Já outros, aproveitam os feriados para enfrentar um trânsito de nove horas e chegar no que se pode chamar de paraíso do inferno — uma faixa de areia suja, ocupada por uma população bebélica, desfilando seus excessos adiposos em exíguos maiôs.
Para esses dois tipos, desejamos ótimo Carnaval.
Mas e para nós, preguiçosos convictos, incapazes de mostrar qualquer reação positiva ao som de uma batucada… o que nos resta?
Resta muito. Contanto que não dê trabalho, não exija esforço nem físico nem mental, o universo carnavalesco é pleno de opções.
Não, não estou falando em ir a um show de jazz, participar de um bloco de rua, ir ao estádio ver um jogo de tênis, pegar uma piscina ou ficar transando com a namorada. São atividades que dão trabalho. Reservadas a pessoas que não sabem usufruir o doce prazer da preguiça em seu estado mais puro.
Preguiçosos carnavalescos, uni-vos!
Em primeiro lugar, lembre-se que a expressão máxima da preguiça é o sono.
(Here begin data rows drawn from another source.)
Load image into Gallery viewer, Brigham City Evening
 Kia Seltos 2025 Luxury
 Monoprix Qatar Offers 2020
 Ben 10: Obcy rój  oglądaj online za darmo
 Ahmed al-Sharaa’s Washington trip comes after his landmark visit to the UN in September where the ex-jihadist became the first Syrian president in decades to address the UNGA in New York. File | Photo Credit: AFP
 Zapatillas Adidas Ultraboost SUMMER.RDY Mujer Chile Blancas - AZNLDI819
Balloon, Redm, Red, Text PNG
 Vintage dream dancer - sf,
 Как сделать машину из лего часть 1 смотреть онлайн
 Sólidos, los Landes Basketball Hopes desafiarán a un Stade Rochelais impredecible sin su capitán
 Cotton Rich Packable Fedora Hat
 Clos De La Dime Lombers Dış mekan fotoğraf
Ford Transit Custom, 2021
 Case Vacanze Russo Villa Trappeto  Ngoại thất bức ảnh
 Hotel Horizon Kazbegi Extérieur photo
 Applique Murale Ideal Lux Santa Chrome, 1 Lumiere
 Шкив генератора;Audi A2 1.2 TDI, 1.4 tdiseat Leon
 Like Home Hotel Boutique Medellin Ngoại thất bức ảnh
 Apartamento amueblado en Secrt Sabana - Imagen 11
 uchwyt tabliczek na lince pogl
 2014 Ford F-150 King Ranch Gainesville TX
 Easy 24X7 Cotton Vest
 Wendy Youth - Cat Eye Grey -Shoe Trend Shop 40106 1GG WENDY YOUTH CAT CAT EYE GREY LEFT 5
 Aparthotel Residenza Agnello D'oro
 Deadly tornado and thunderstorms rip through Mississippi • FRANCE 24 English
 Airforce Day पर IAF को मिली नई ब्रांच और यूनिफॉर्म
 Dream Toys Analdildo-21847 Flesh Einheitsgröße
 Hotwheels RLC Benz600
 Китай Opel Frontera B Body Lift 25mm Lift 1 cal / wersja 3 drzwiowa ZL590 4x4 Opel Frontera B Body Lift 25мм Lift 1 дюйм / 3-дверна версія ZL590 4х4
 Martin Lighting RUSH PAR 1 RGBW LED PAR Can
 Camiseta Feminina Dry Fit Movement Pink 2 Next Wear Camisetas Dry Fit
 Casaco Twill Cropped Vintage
Então, por que não fazer como os gatos? Durma 17 horas por dia em cada um dos dias do Carnaval. Assim: janelas fechadas, televisão fora da tomada, computador coberto por uma toalha.
Acordou e está aborrecido? Tente um cinema. Nem precisa escolher o filme — o importante é um bom ar condicionado e uma poltrona confortável e espaçosa. Quem sabe você não tira uma soneca?
Evite sair de casa. A dica é ir às compras na véspera e fazer um estoque de rato. E não esqueça o papel higiênico. Comidas práticas, congeladas ou cruas. Nada de inventar de fazer uma lasanha ou um bacalhau — pratos que atentam contra a moralidade dos preguiçosos.
Se for para encontrar amigos, seja seletivo. Tem gente que pega fogo no carnaval: ainda que não curta um samba, parece tomada pelo espírito inquieto de “fazer coisas”. Visite aqueles que topam tomar uma cerveja de pernas para o ar e, se possível, em silêncio. Falar cansa, ainda mais se for para elaborar algum tipo de raciocínio — como, por exemplo, explicar que você não quer saber de carnaval, escola de samba, mulata e pandeiro.
Recuse incisivamente qualquer convite “bem disposto”. Ir a um parque, por exemplo, é roubada — quando você menos espera, está na pista de corrida tentando bater o seu recorde histórico. Não há nada pior para preguiçosos do Carnaval.
Muito melhor do que isso é tomar um longo banho de banheira, ver um clássico do cinema, desses com quatro horas de duração, ouvir um som em estado de catatonia, comer um pacote de bolachas assistindo “Padrinho Mágicos” na TV, mamar sem culpa uma lata de leite condensado e jogar um game com 68 níveis. E para fechar com chave de ouro, recomendo a leitura de “O Direito à Preguiça”, obra de Paul Lafargue, escrita em 1880 e cujas ideias, infelizmente, não ultrapassaram a teoria.
Eu daria mais algumas sugestões, se não estivesse morrendo de preguiça. Afinal, o Carnaval está aí e o espírito do Momo já está me contagiando.